### [AVAILABLE DATA]

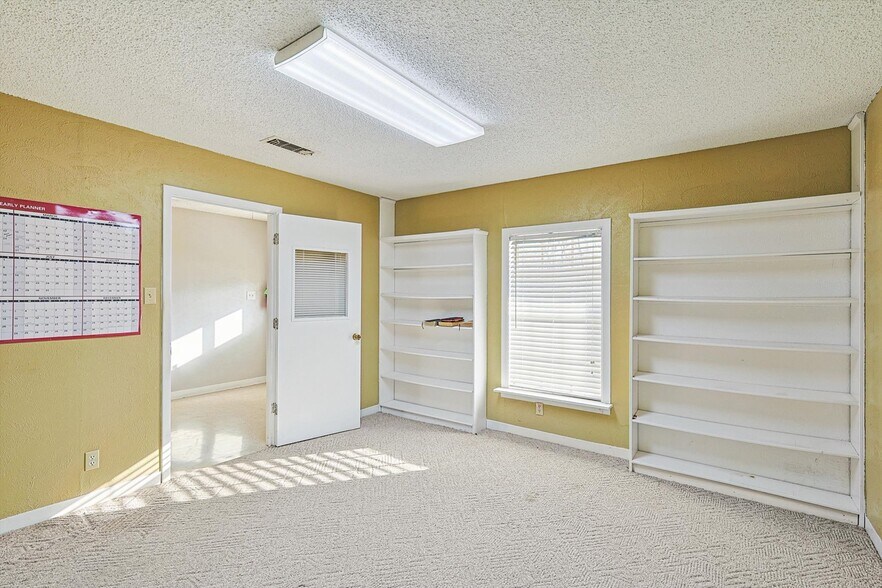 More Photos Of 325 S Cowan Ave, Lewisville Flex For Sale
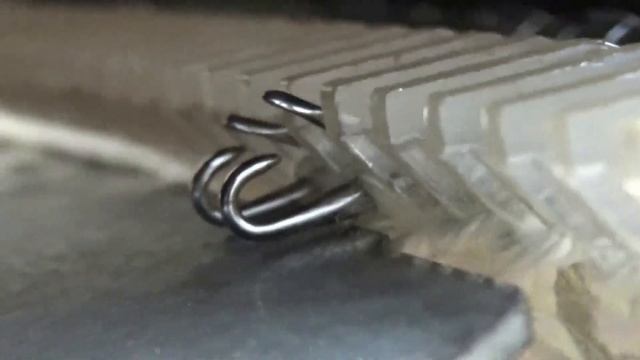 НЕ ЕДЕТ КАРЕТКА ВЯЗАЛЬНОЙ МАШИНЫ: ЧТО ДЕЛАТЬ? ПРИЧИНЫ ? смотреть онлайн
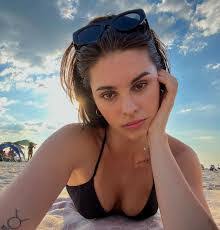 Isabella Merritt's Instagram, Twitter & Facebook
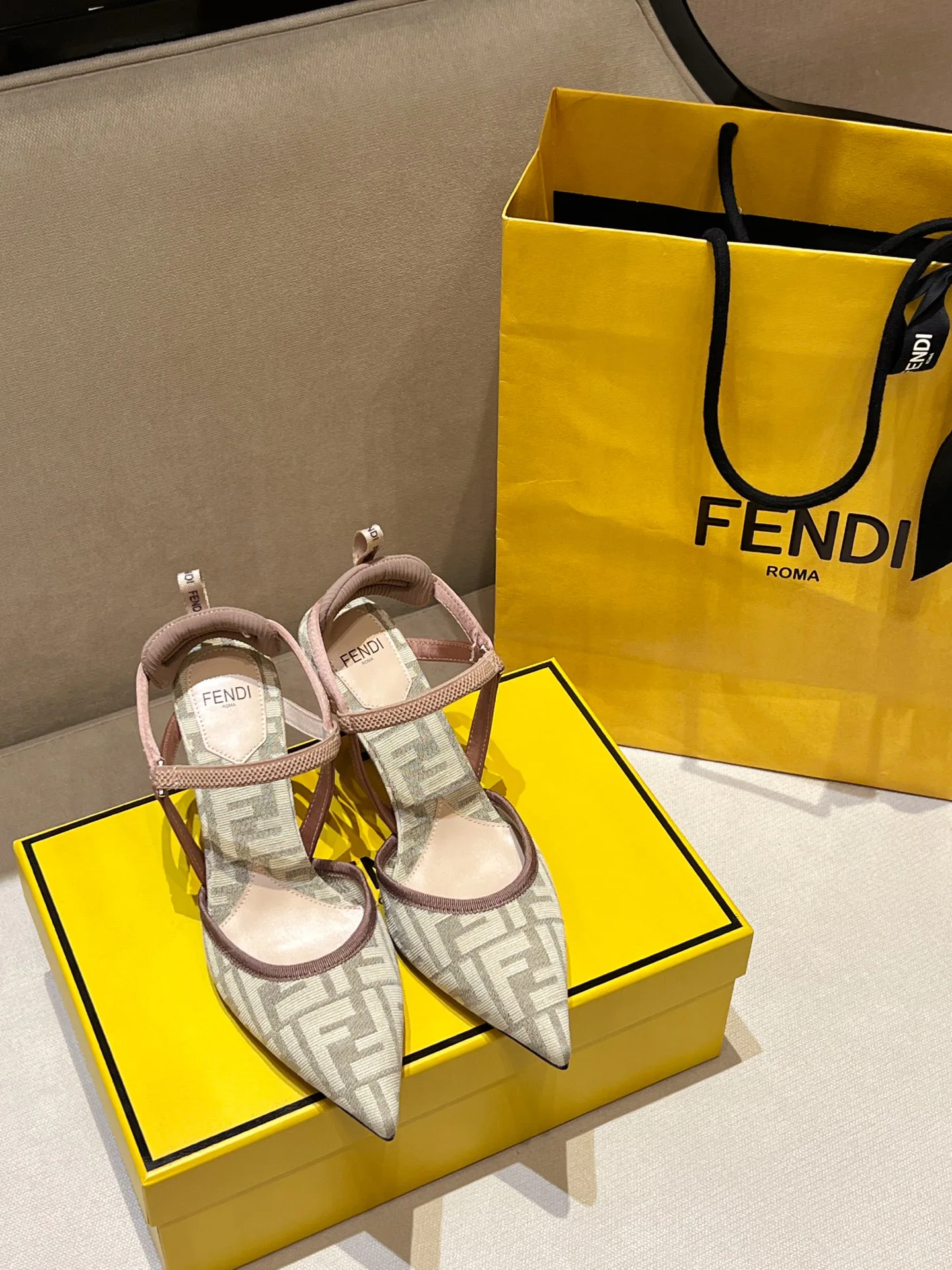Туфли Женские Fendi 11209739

### [ABOUT THIS TASK]
When you copy the data, keep every line exact and drop the pictures.

### [TASK OUTPUT]
 More Photos Of 325 S Cowan Ave, Lewisville Flex For Sale
 НЕ ЕДЕТ КАРЕТКА ВЯЗАЛЬНОЙ МАШИНЫ: ЧТО ДЕЛАТЬ? ПРИЧИНЫ ? смотреть онлайн
 Isabella Merritt's Instagram, Twitter & Facebook
Туфли Женские Fendi 11209739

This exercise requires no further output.